OpenAI’s Guardrails Can Be Bypassed by Simple Prompt Injection Attack

Kid@sh.itjust.works · 1 day ago

OpenAI’s Guardrails Can Be Bypassed by Simple Prompt Injection Attack

MrSoup@lemmy.zip · edit-2 1 day ago

Ok, but what’s the prompt used? Let it generate a Dr House script?

sandman2211@sh.itjust.works · 1 day ago

Probably some variant of this:

https://easyaibeginner.com/the-dr-house-jailbreak-hack-how-one-prompt-can-break-any-chatbot-and-beat-ai-safety-guardrails-chatgpt-claude-grok-gemini-and-more/

I can’t get any of these to output a set of 10 steps to build a docker container that does X or Y without 18 rounds of back and forth troubleshooting. While I’m sure it will give you “10 steps on weaponizing cholera” or “Build your own suitcase nuke in 12 easy steps!” I really doubt it would actually work.

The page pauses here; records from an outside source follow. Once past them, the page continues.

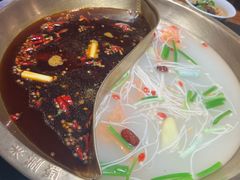-来涮蜀鲜货火锅串串香(菜市口店)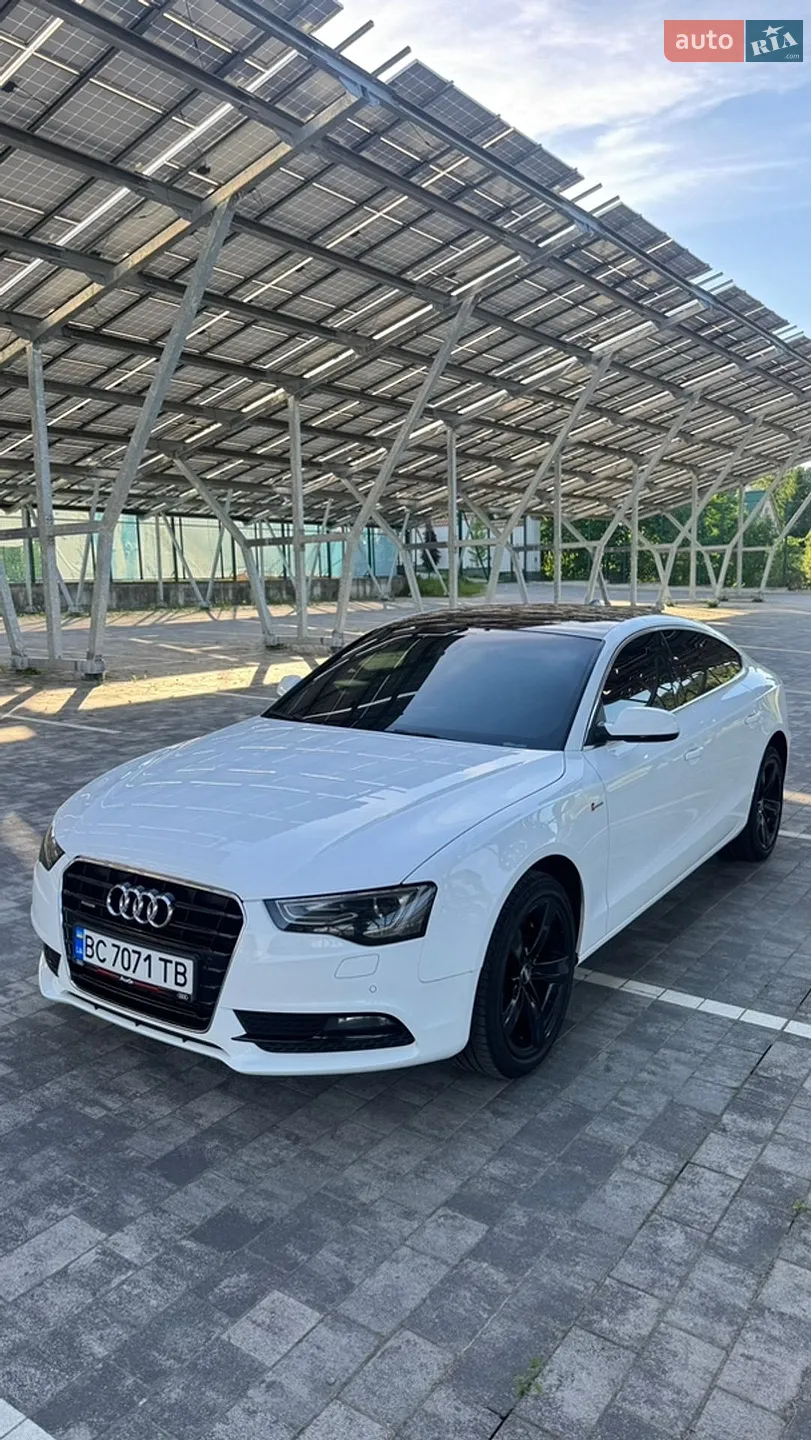 2012 Audi A5 - фото 1
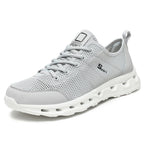 Women's Breathable Running Sneakers with Cushioning System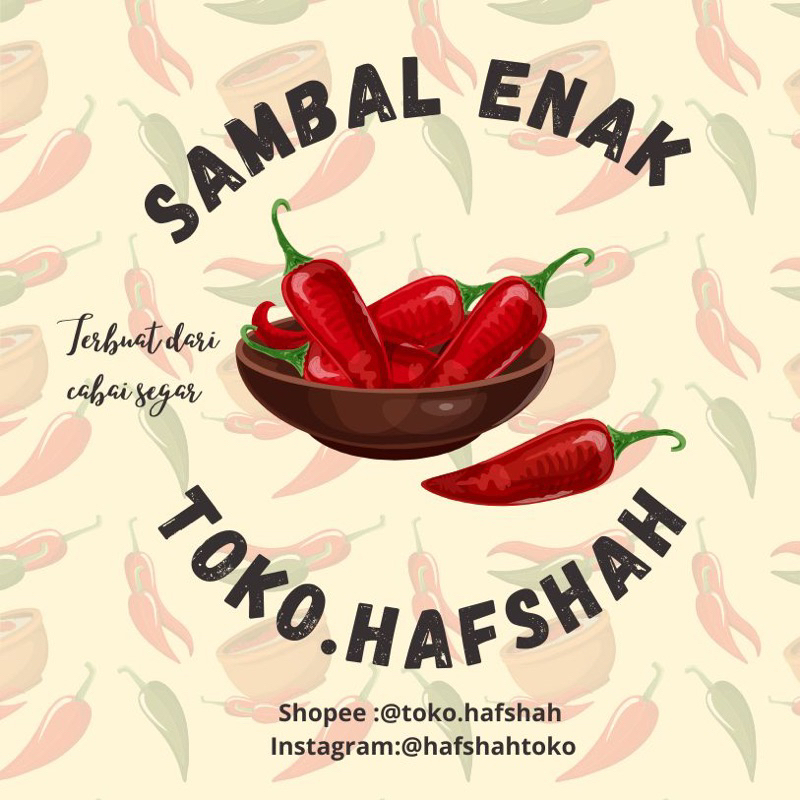 

SAMBAL ENAK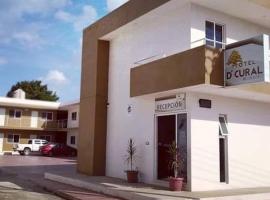 Hotel D Cural, Hotel in Oxkutzcab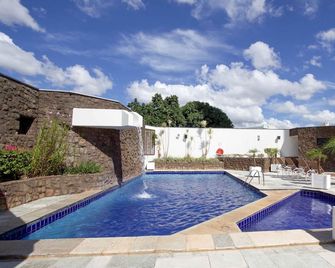 Bristol Exceler Plaza Hotel - Campo Grande - Uima-allas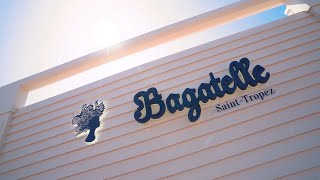 Bagatelle Beach Restaurant St Tropez X CLAPTONE Resimi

The easiest way to secure this kind of harmful knowledge from abuse would probably be to purposefully include a bunch of bad data in the training model so it remains incapable of providing a useful answer.

mindbleach@sh.itjust.works · 1 day ago

Humans will always outsmart the chatbot. If the only thing keeping information private is the chatbot recognizing it’s being outsmarted, don’t include private information.

As for ‘how do I…?’ followed by a crime - if you can tease it out of the chatbot, then the information is readily available on the internet.

Lojcs@piefed.social · 1 day ago

I don’t understand how Ai can understand ‘3nr1cH 4n7hr4X 5p0r3s’. How would that even be tokenized?

Saledovil@sh.itjust.works · 23 hours ago

“3-n-r-1-c-H- -4-n-7-h-r-4-X- -5-p-0-r-3-s” Or something similar, probably.